By Fabien Sanglard
May 3rd, 2023
I remember how pleasant it was to learn to program in C. There were so many good books explaining not only the language but also the standard library. I devoured both The C Programming Language (K&R) by Kernighan/Ritchie and The Standard C Library by P.J. Plauger. Then came Expert C Programming by Van der Linden and finally C: A Reference Manual by Harbison and Steele.
It was an equally enjoyable experience when I took on C++. I found myself unable to put down the Effective C++ series by Scott Meyers. I loved the simple layout and the astute usage of red text for emphasis. I must have read half the first volume while standing in Toronto World's Biggest Bookstore before I left with the complete series under my arm. I remember power walking to my place to keep on reading.

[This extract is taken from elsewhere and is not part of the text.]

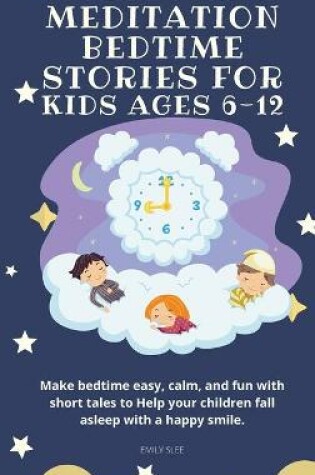 Cover of Meditation Bedtime Stories for Kids Ages 6-12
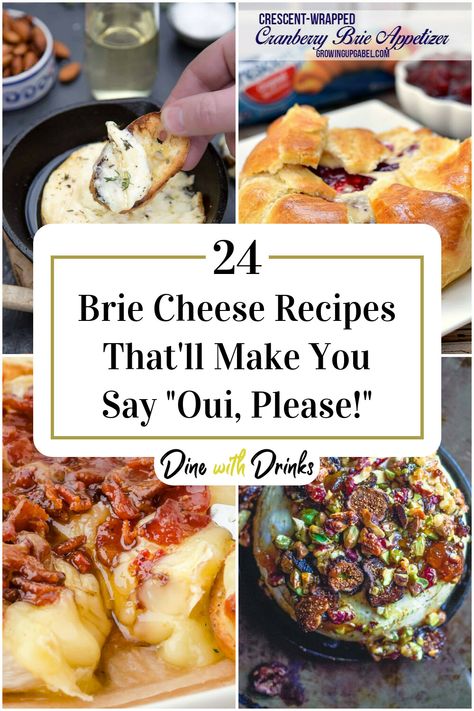 Collage of 4 brie cheese recipes. Italian Brie Appetizer, French Brie Appetizer, Brie Brunch Recipes, Maple Bacon Brie Cheese, Bre Cheese Dip, Brei Cheese Recipes Brie Appetizer, Brie Cheese Dessert Recipes, Goat Cheese Brie Recipes, Triple Cream Brie Recipes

A contrasting experience was to learn how to use the tools to turn my programs into executable. It was a painfully slow and deeply unpleasant process where knowledge was gathered here and there after trial, errors, and a lot of time spent on search engines. It felt like acquiring the same level of comfort to use a compiler took significantly more than learning the language.

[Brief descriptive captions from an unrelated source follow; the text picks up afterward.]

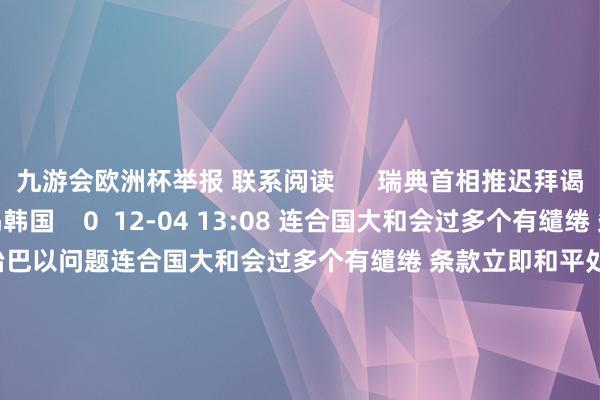 九游会欧洲杯举报 联系阅读      瑞典首相推迟拜谒韩国瑞典首相推迟拜谒韩国    0  12-04 13:08 连合国大和会过多个有缱绻 条款立即和平处治巴以问题连合国大和会过多个有缱绻 条款立即和平处治巴以问题    0  12-04 07:04 好意思国钢铁股价在好意思股盘前跌超7%好意思国钢铁股价在好意思股盘前跌超7%    0  12-03 17:23 酬酢部：敦促欧方不要搞双要害领 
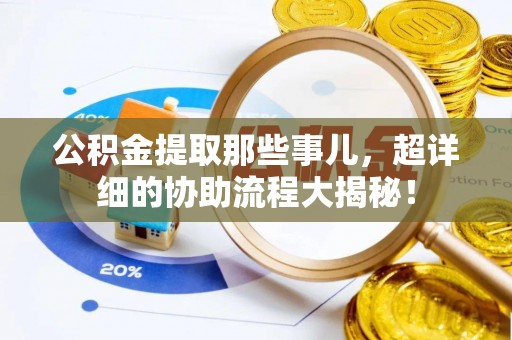 鄂伦春公积金提取那些事儿，超详细的协助流程大揭秘！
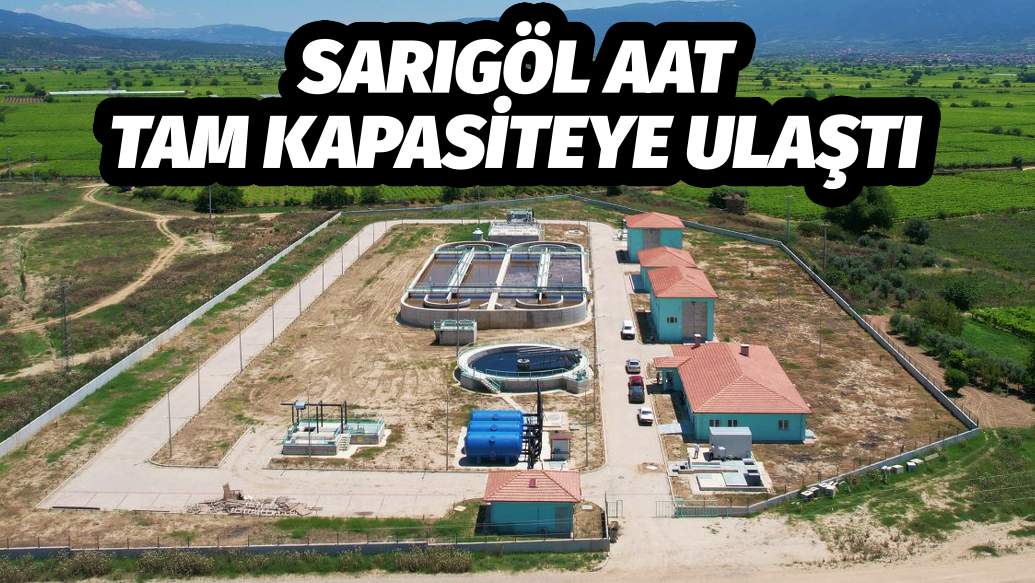Sarıgöl AAT Tam Kapasiteye Ulaştı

I blame this experience on the lack of literature on the topic. Most language books start with a "Hello World" code sample. In the case of K&R, it would be hello.c
.
#include <stdio.h> int main() { printf("hello, world\n"); }
The reader is given the command to convert that text file into an executable and it is the last time they will hear about how to use the compiler.
$ cc hello.c $ ./a.out hello, world
This is the gap this series attempts to fill. It won't teach about a language, its libraries, or an SDK. It won't teach how to write a compiler or a linker either. These articles are meant to ease leaving the world of one-file examples. It is a pot-pourri of the things I wish I had known when I was pulling my hair over mysterious LNK2019 and other LNK4002 errors.

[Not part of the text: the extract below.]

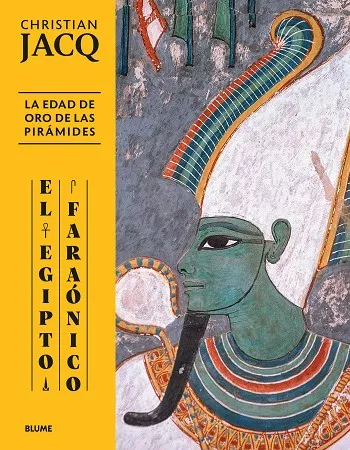 EGIPTO FARAÓNICO. EDAD DE ORO DE LAS PIRÁMIDES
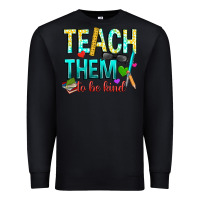 Black teach them to be kind Premium Sweatshirt - texasbilliewilder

Here will be explained the core concepts associated with the creation of an executable. As much as possible claims will be backed up with reproducible steps relying on bintools
and driver verbose mode (-v
). The goal is to provide the readers with both the tools and a mental map to explore beyond the charted territories of these pages.
clang -v
generate a lot more than what is actually printed here. The uninteresting parts were removed to only keep what is relevant to the topic at hand. Rest assured that no command-line tools were hurt during the making of this text.
The examples assume a Linux platform. Depending on which illustrate the topic better, gcc
or clang
compiler drivers are used. If you are using Mac OS X or Windows, the ideas and concepts should be similar. Here is a table of equivalencies.
Platform | Driver | Object format | Dynamic library | Static library | Executable |
---|---|---|---|---|---|
Linux | gcc | elf | library.so | library.a | elf |
Mac OS X | clang | macho | library.dylib | library.a | macho |
Windows | CL.EXE | COFF | library.dll | library.lib | PE |
The platform / toolchain association is the one most often encountered but they may vary. For example, clang
is available on all platforms and gcc
is available on Windows via cygwin.
1. driver | |||
2. cpp | 3. cc | 4. ld | 5. loader |
This series is divided into five parts. First is explained the component which rules them all, the compiler driver (1). Then we drill into the three stages of the compilation pipeline, detailing their inputs/outputs. The pre-processor (2), cpp
, converts source code files into translation units (TU), is covered first. Then comes the compiler cc
(3), which ingests TUs and outputs relocatable (object) files. Then we look at the element combining all objects together into and executable, the linker ld
(4).
In the fifth and final part we take a look at the linux loader (also called ld
) (5) to further understand the linker output.